> [Aim of the exercise]: Only the lines of the listing below that run from the line with "three women shopping while in debt" through the line with "A videographer filming" are to be set down, word for word. Pictures stay out.

> [Listed records]:

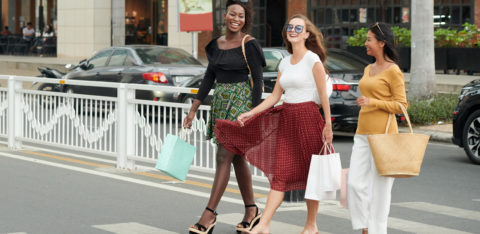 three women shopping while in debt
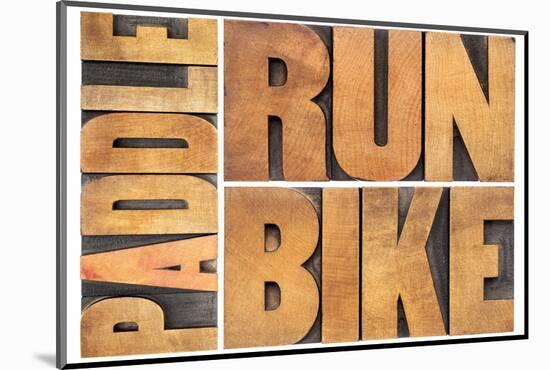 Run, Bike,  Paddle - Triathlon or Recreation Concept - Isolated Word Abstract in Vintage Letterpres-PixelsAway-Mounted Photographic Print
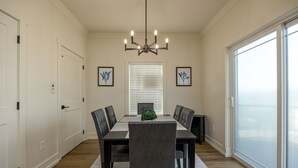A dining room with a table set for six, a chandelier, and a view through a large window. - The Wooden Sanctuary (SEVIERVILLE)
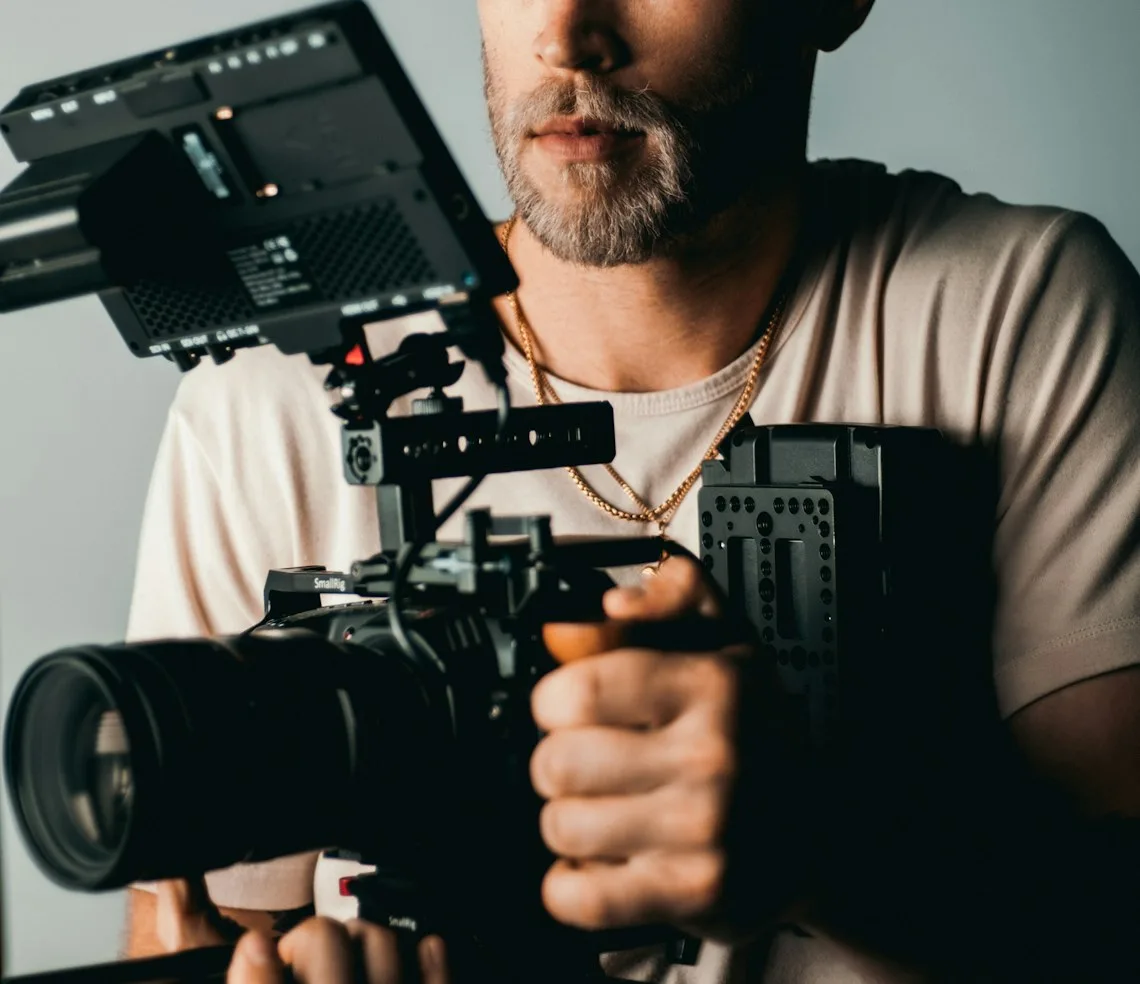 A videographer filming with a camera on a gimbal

--

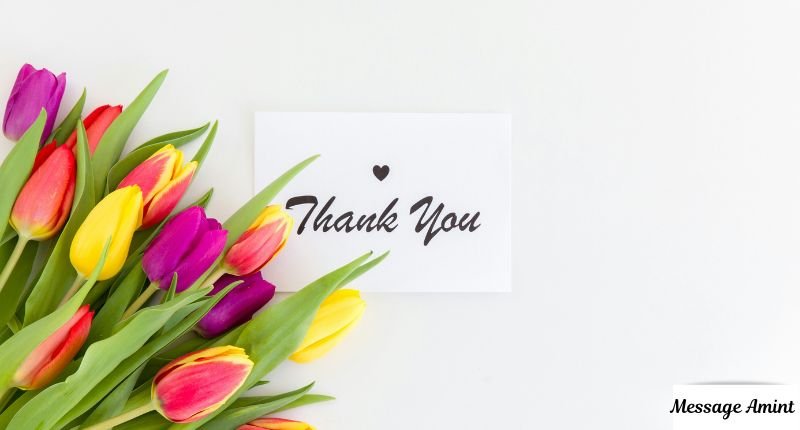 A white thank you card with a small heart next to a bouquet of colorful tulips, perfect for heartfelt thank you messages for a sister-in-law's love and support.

> [Exercise response]:
 three women shopping while in debt
 Run, Bike,  Paddle - Triathlon or Recreation Concept - Isolated Word Abstract in Vintage Letterpres-PixelsAway-Mounted Photographic Print
A dining room with a table set for six, a chandelier, and a view through a large window. - The Wooden Sanctuary (SEVIERVILLE)
 A videographer filming with a camera on a gimbal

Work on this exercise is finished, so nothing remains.